08 May How We Can Make The World Better For Having Been In It
After reading an insightful post from the NVR Guys about volunteerism and giving back, I was so moved by it that I decided to expand on my response to it which was:
“I’ve always liked the old Shirley Chisholm quote: “Service is the rent that we pay for the privilege of living on this earth.” To that end, you guys are operating at a surplus. I think one of the best things that you can do for yourself is to give back…it’s actually, a selfish endeavor really, because you get back much more than you give. There is nothing more satisfying than knowing that you’ve made the difference in someone’s life. It really is a beautiful thing.
Even if you think you have nothing to offer, there is always someone who is sick, infirmed or elderly and would love the company of even strangers because so many of their own families have abandoned them. Giving companionship doesn’t require any special talent, only a willing heart”.
One look at the news on any given day and we can be overwhelmed by the massive needs in our own country and abroad. Suddenly, it makes us question our ability to exact real change when such seemingly insurmountable problems exist. We realize our own frailty and relative insignificance in the scheme of things and convince ourselves that the problem is too big to tackle.
This gives us a momentary reprieve when we feel justified to do nothing. We wait for others to pick up the slack to do the things that we’ve assured ourselves that is much bigger than ourselves. We see issues like teen pregnancy and wring our hands and pontificate about how difficult it will be for the young parent and her child. Yet, we won’t muster up the energy to call a teen pregnancy prevention center and become a mentor who could possibly help to prevent another pregnancy.
We forget that one community’s cold can become the larger society’s flu epidemic. To ignore societal issues today could result in more problems tomorrow. We can’t continue to allow ourselves to be spectators anymore because the need is too great. There’s a great saying “Think Globally, Act Locally”. I think we can all lend a hand in our own communities. Whether that’s volunteering at the local food shelter, homeless shelter, teen outreach center….there is always a place for each of us to add our special talents and gifts toward the betterment of mankind. Most importantly, the main cost will be your time. Every one of us has 24 hours a day to fill, what do you plan to do with yours? One person can make a difference, and then solutions can become cumulative because every little bit helps.

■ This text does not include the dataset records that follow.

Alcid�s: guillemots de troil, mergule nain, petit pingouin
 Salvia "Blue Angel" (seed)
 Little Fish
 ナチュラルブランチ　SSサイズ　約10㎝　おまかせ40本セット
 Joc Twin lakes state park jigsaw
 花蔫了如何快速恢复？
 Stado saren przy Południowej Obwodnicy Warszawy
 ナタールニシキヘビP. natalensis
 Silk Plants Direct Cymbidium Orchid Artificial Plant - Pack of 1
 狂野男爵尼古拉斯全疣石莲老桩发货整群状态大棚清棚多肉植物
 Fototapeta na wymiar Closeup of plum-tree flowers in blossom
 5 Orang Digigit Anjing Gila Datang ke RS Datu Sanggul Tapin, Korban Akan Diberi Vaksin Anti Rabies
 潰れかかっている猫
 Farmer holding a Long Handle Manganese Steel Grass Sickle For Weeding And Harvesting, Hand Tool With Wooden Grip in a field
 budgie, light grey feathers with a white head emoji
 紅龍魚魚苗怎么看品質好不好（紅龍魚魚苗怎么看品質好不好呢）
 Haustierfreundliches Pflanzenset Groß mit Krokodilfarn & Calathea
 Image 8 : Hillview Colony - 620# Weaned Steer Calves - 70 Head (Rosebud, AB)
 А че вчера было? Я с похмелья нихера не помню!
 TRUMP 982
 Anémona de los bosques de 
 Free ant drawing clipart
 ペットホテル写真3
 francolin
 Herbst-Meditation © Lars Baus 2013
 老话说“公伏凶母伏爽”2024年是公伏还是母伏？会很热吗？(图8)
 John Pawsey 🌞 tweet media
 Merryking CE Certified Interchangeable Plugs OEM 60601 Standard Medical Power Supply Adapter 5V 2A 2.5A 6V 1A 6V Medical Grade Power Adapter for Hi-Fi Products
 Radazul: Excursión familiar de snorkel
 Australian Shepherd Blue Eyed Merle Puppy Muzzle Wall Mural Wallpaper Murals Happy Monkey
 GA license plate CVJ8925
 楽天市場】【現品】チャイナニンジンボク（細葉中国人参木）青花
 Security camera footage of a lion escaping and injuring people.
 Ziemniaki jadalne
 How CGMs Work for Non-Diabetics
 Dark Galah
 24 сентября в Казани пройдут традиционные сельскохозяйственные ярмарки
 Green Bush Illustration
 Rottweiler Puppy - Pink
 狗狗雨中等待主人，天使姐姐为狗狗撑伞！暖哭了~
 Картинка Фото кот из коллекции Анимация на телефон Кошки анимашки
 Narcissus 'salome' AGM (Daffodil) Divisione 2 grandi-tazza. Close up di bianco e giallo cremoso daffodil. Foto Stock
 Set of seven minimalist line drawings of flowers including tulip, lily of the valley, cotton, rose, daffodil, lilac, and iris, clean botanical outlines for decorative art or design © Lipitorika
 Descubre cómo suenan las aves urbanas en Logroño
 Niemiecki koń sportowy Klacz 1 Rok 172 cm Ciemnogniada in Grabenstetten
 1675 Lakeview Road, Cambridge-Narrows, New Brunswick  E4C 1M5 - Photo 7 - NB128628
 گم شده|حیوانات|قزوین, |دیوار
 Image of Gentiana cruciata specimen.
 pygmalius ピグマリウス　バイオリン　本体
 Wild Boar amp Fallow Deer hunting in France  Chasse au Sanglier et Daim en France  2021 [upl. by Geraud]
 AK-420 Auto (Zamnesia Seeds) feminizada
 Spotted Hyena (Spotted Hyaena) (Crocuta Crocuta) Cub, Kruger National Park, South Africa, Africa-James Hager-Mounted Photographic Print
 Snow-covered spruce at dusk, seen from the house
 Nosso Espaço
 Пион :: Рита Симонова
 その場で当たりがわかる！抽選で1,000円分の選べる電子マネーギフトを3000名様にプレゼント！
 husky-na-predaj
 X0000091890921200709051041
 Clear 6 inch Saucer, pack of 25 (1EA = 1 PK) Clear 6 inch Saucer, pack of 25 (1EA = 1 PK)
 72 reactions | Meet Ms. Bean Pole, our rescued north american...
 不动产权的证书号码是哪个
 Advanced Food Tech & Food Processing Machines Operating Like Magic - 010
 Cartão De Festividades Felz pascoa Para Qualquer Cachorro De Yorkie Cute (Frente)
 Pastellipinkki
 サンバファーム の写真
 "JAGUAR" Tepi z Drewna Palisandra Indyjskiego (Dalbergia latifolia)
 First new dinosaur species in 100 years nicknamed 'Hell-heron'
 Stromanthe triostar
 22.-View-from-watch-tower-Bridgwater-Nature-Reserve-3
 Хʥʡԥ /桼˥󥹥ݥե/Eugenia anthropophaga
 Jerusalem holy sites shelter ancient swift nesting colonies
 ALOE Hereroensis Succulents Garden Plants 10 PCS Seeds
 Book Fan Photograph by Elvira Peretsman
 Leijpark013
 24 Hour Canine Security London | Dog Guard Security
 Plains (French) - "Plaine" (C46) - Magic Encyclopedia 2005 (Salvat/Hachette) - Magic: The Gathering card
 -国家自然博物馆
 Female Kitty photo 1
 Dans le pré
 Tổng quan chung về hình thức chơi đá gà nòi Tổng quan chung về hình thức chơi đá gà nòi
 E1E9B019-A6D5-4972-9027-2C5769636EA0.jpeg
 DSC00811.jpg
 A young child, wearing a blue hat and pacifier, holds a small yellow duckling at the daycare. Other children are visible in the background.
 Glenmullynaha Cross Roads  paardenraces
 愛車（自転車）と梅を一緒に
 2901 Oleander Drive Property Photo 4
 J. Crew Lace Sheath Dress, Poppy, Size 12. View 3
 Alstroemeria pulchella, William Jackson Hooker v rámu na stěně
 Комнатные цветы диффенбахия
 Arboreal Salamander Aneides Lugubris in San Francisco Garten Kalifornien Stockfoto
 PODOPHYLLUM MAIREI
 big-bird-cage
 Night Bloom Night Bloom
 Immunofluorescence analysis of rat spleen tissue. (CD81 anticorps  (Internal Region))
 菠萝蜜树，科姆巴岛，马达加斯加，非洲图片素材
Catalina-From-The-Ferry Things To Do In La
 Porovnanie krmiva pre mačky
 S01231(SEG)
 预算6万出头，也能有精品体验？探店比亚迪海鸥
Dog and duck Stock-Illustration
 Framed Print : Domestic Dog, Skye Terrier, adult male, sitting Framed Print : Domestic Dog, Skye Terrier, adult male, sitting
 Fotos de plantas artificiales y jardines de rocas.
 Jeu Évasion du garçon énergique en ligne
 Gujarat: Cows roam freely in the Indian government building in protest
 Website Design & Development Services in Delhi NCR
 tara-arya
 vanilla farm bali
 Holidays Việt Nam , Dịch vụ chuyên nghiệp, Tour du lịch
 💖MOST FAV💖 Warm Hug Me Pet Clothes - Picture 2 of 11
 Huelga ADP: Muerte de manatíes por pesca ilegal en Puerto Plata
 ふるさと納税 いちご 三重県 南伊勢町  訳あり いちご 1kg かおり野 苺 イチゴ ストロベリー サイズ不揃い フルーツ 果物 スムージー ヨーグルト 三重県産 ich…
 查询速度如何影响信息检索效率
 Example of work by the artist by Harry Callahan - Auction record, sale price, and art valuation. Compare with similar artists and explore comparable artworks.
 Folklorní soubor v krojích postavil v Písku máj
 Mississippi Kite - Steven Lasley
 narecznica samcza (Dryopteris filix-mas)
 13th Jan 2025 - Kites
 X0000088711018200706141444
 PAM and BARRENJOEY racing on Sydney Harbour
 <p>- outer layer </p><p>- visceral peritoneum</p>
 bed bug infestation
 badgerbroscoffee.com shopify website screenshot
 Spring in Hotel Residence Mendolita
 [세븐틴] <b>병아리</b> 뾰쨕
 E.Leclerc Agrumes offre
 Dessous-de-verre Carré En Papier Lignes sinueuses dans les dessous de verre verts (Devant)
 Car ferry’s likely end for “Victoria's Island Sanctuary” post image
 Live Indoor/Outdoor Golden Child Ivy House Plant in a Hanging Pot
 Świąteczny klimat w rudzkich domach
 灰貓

There is also a psychological payoff to volunteering. The satisfaction that you will get from reaching out and making a difference in this world is beyond amazing. Leaving the world better than you found it is what we all should strive for. Every good deed brings about a positive change in someone’s life. Sure, we could all be selfish and only concern ourselves with our own families, our own problems….then you will have to ask yourself whether you are a part of the problem or the solution.
I used to attend a church where the rallying cry was to not concern yourself with the troubles of the world. That could be interpreted in one way, but their version was to separate yourself completely from those who did not follow the faith. They wanted to create an insular community where only people who believed what they believed mattered. I thought it was the antithesis of what being a Christian truly was. I always think back to a refrain in Stevie Wonder’s song, “As”: “so make sure when you say you’re in it but not of it. You’re not helping to make this earth a place sometimes called Hell.” It’s one thing to do nothing because you feel the problem is too great, it’s another to ignore the world’s ills with malice and forethought. One need not share the same ideology, faith, belief or politics to help someone else, just a willingness to look beyond the surface to see something much deeper. Love.
Sometimes, extending your hand doesn’t require anything more than a random act of kindness. Pay for the driver behind you in the drive-through or offer to pick up an elderly neighbor’s groceries. Visit an assisted living community and share your talents (whether that is singing, reading, listening, etc.). You will be amazed at how much they will appreciate your company because many have either no family or a family who no longer cares. So, whenever you find yourself asking the question, “What can I do?” The answer is ‘make a difference’.